Coming From The Rocks Expanding To Feel
Lo Sound Desert (2015)
Extreme nature and surroundings somehow inspire extreme music. This is a documentary about Stoner or Desert Rock and its roots, hailing from the dry and dusty Coachella Valley.
The wide horizon and skies above forwarded the evolution of this music like the Punk and DIY ethos, as the protagonists recount. In two chapters, characters like Brant Bjork, Mario Lalli, Sean Wheeler, Eddie Glass, Josh Homme, Nick Oliveri, Ian Taylor, Mike Moracha, Nick Nava and more tell about how it was to be raised in this area like Palm Springs, that was embossed by the society of Frank Sinatra, Dean Martin and the Rat Pack.
Next to making liberating music, the sound heroes have usual jobs like at a library. The camera following them sometimes has an appealing cartoon impression, while video footage, Polaroid photos and Terry Gilliam-style animations loosen up the story.
Sean Wheeler even can present a whole private picture album including concert posters, while Brant Bjork labels him a hero. Josh Homme at the same time worships Yawning Man. A reason being told in the single word for the development is boredom.
To break out, the musicians play in garages or parking lots until the police comes. Safe places are in the middle of the desert, The Hood or former the Rhythm and Brews. The youth needs opportunities like this to make use of its energy. Because as everywhere, the parties are a lot about skateboarding, drugs like acid, sex and violence and anarchy.
But when the adolescents can unfold themselves, something wonderful like Stoner Rock can happen.

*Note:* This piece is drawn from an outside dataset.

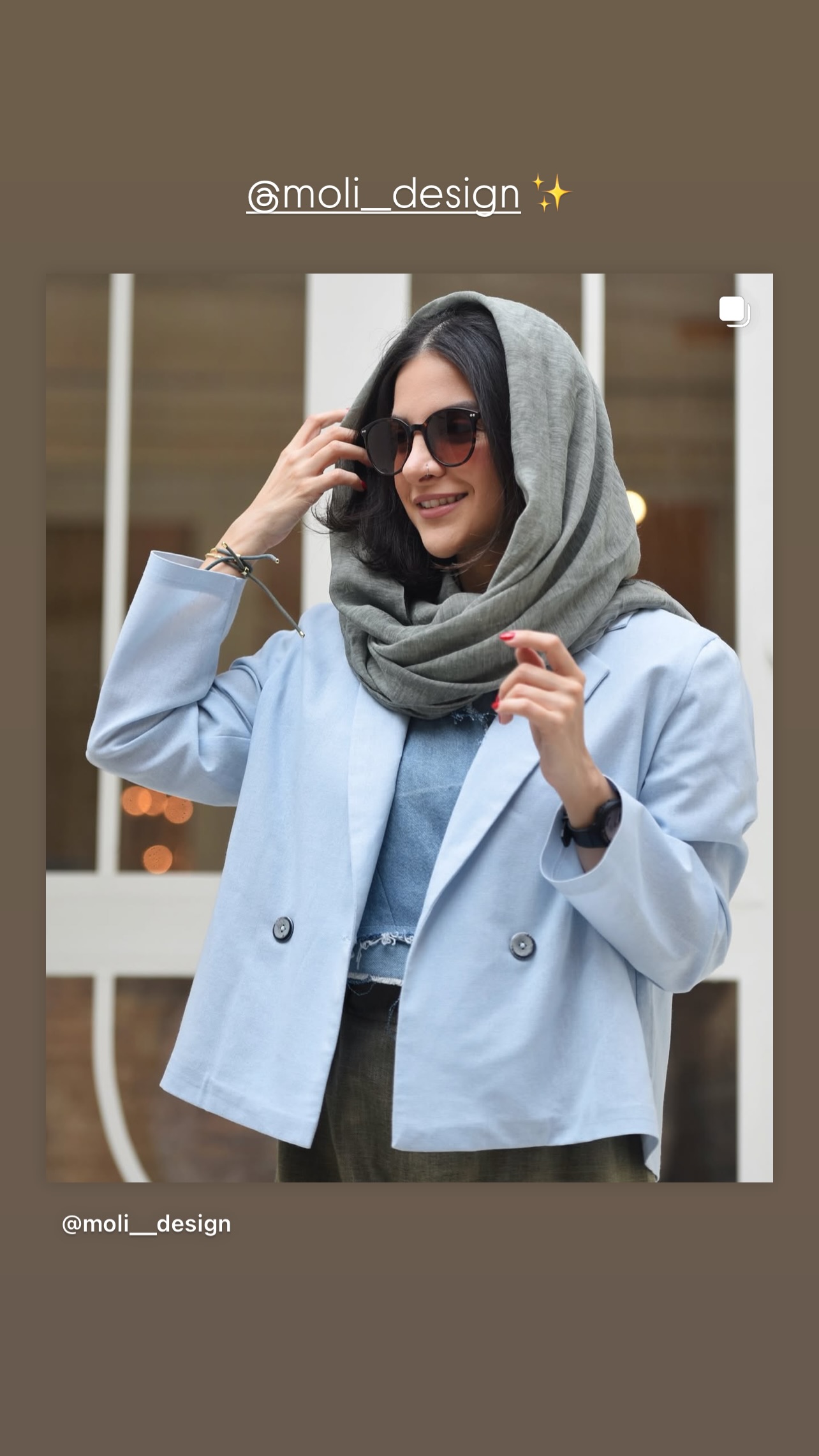  جدید ترین استوری اینستاگرام  ملیکا کلهری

Or as they try to find a terminology: Stoner is more rocknrolly than Sludge and with a grungy vibe to get stoned, as from pioneers Monster Magnet, Sleep or The Obsessed, coming to Kyuss, Throw Rag, Fu Manchu, Nebula, Mondo Generator, Fatso Jetson, Solarfeast, Hornss and Unsound.
As for the Desert community there are too many people in LA, they found their own way in jamming and even exporting it to Europe. „Lo Sound Desert“ beautifully images this history and truly is a movie you have to feel.